TVDPathAlgo is an R package designed to provide an efficient path-following algorithm for solving Total Variation Denoising (TVD) problems. It computes solutions for a sequence of regularization parameters (lambda) while tracking the knot locations (change points) in the resulting piecewise constant signal.

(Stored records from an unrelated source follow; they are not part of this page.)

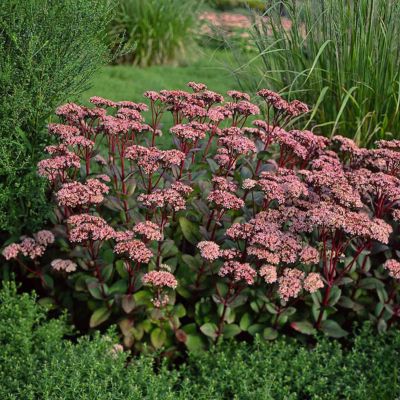 [11241] SEDUM MATRONA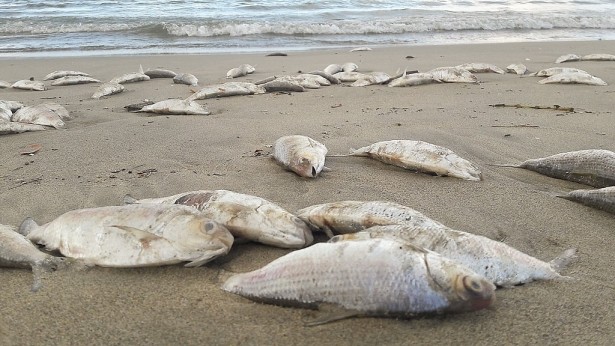 Đã xác định nguyên nhân cá chết hàng loạt ở Đà Nẵng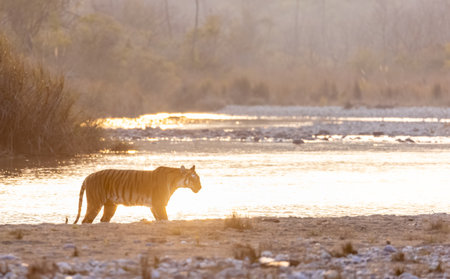 Female tigress (Panthera tigris) near river at jim corbett forest.の写真素材
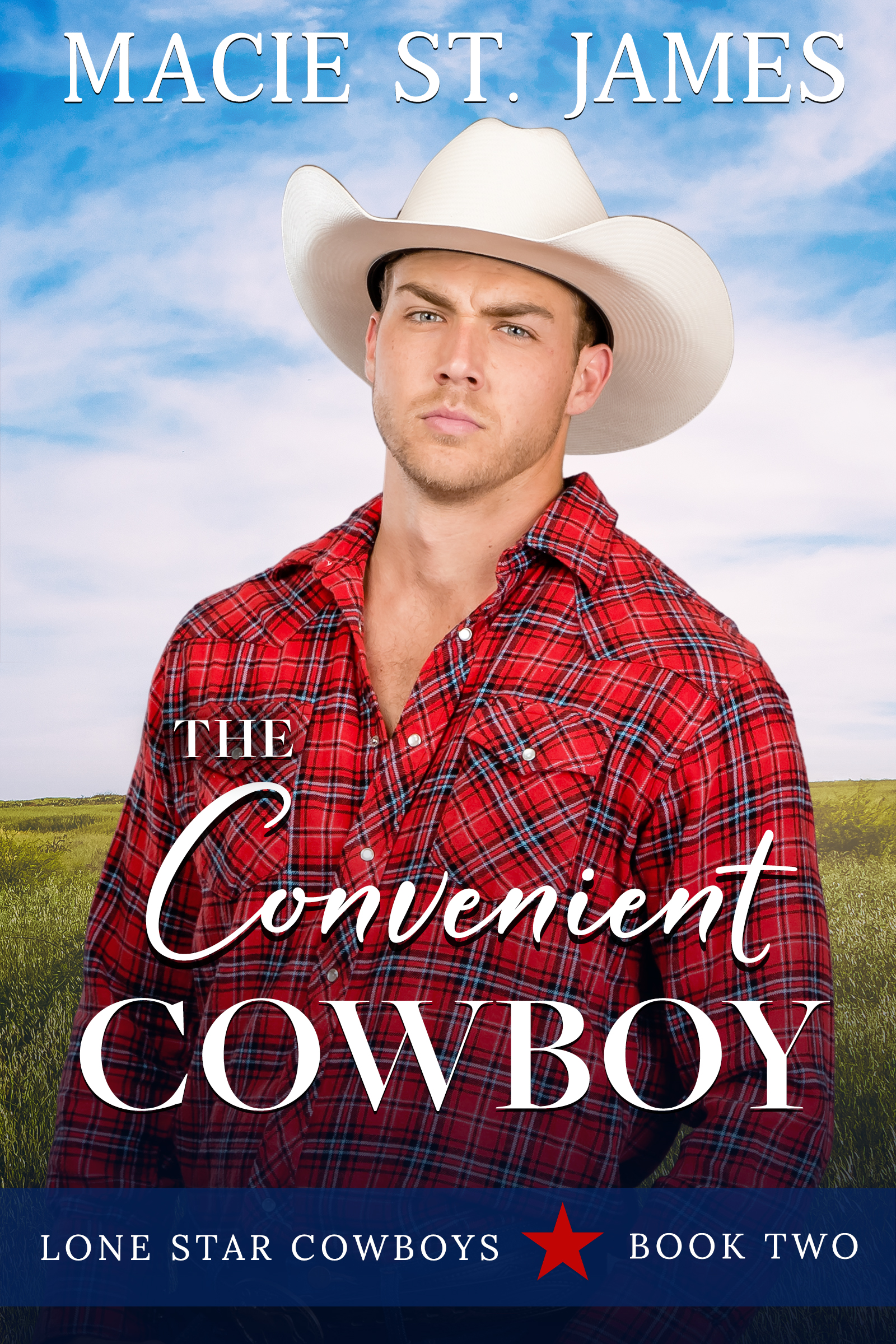 The Convenient Cowboy book cover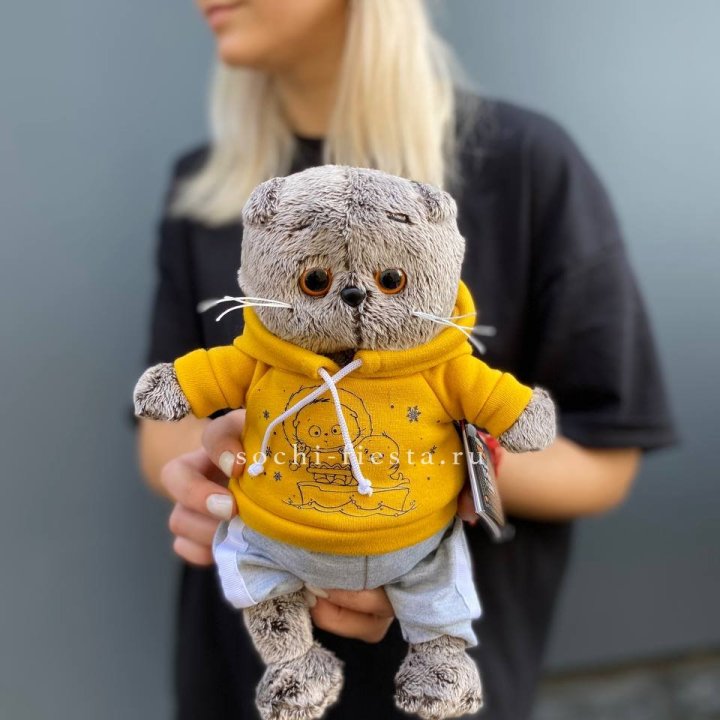 Кот Басик в худи в Северодвинске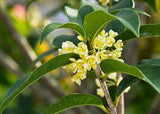 Osmanthus Absolute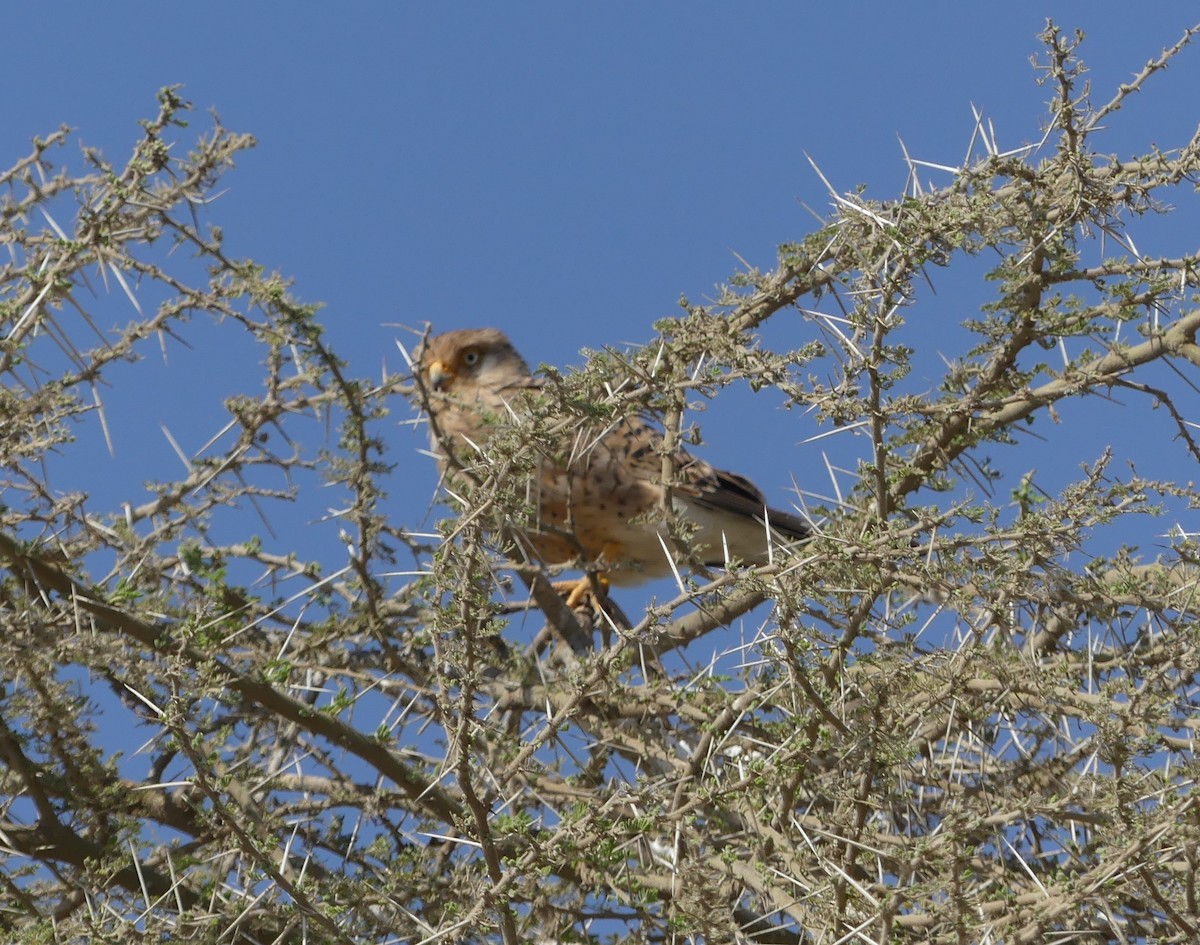 Greater Kestrel - ML640984516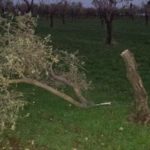 Atti vandalici nelle campagne sangiovannesi. Danneggiati 75 alberi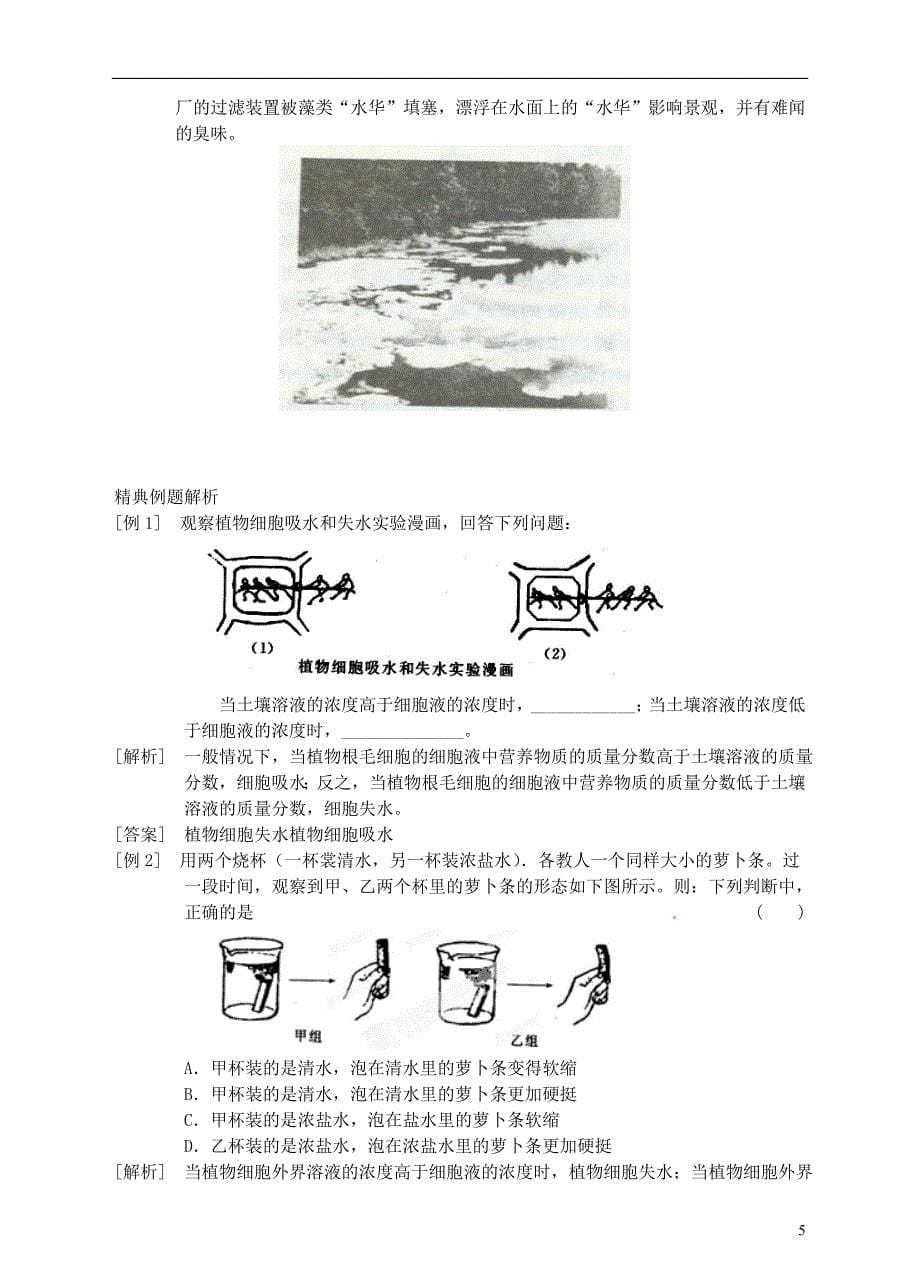 浙江省临海市新概念教育咨询有限公司八年级科学下册第三章第3节植物与土壤学案浙教版_第5页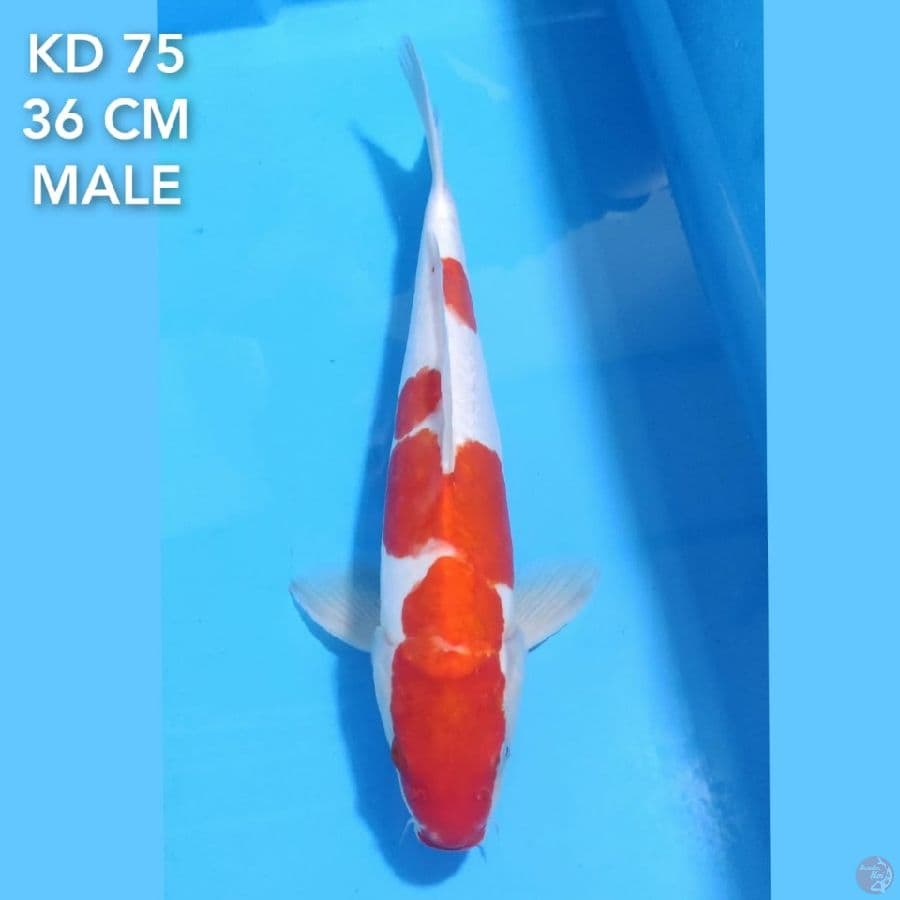 DOITSU SANKE 36CM MALE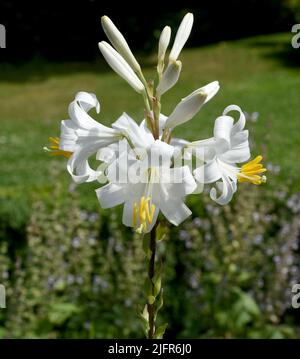 Madonnen-Lilie, Madonnenlie oder Weisse Lilie ist eine Art der Gattung der Lilien und eine wichtige Heilpflanze. Madonna Lily, Madonna Lily ou White Banque D'Images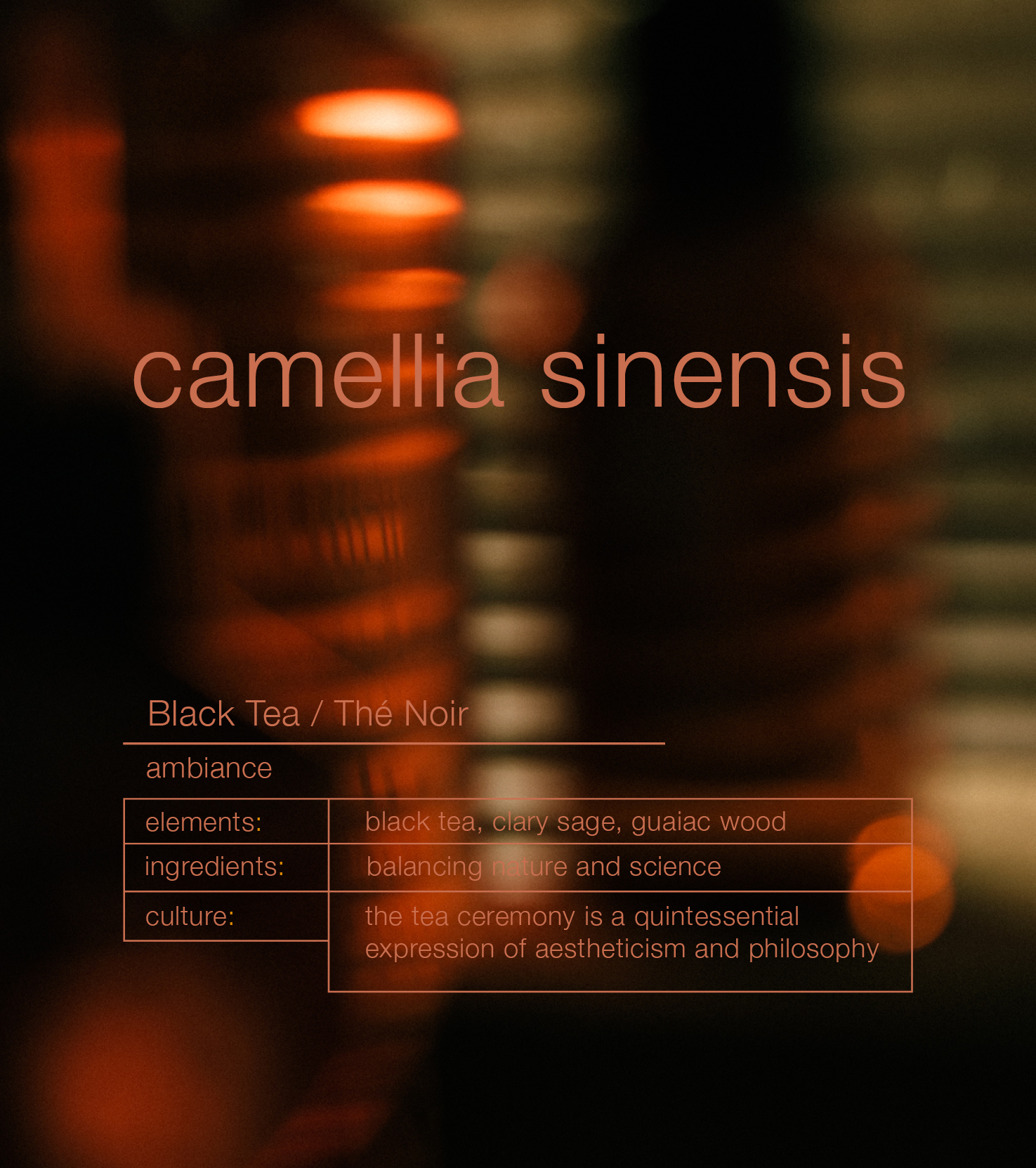 Black Tea Camellia Sinensis Ambiance Trigger Raumduft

This main function in this package is path_algo. There are also other functions involved in this packgae.

Installation

Before installing TVDPathAlgo, ensure that you have the tvdenoising package installed, as it is a key dependency. Both can be installed from GitHub using the pak package:

# install.packages("pak")
pak::pkg_install("glmgen/tvdenoising")
pak::pkg_install("zhoumo2716/TVDPathAlgo")

Example

This is a basic example:

library(TVDPathAlgo)

# Input signal
y <- c(1, 3, 4, 6, 8, 6)

# Solve using the path-following algorithm
result <- path_algo(y, method = "tri")

# View results
print(result$lambda_values)      # Sequence of lambda values
#> [1] 800.0000000   3.0000000   2.5000000   2.0000000   0.6666667   0.0000000
print(result$beta_values)        # Sequence of beta solutions for each lambda
#> [[1]]
#> [1] 4.666667 4.666667 4.666667 4.666667 4.666667 4.666667
#> 
#> [[2]]
#> [1] 3.500000 3.500000 4.000000 5.666667 5.666667 5.666667
#> 
#> [[3]]
#> [1] 3.250000 3.250000 4.000000 5.833333 5.833333 5.833333
#> 
#> [[4]]
#> [1] 3 3 4 6 6 6
#> 
#> [[5]]
#> [1] 1.666667 3.000000 4.000000 6.000000 6.666667 6.666667
#> 
#> [[6]]
#> [1] 1 3 4 6 8 6
print(result$knot_locations)     # Knot locations for each lambda
#> [[1]]
#> [1] 0
#> 
#> [[2]]
#> [1] 3 4
#> 
#> [[3]]
#> [1] 3 4
#> 
#> [[4]]
#> [1] 2 3 4
#> 
#> [[5]]
#> [1] 2 3 4 5
#> 
#> [[6]]
#> [1] 2 3 4 5 6

You can plot the original signal and the denoised solutions:

# Extract beta solutions as a matrix
beta_matrix <- do.call(cbind, result$beta_values)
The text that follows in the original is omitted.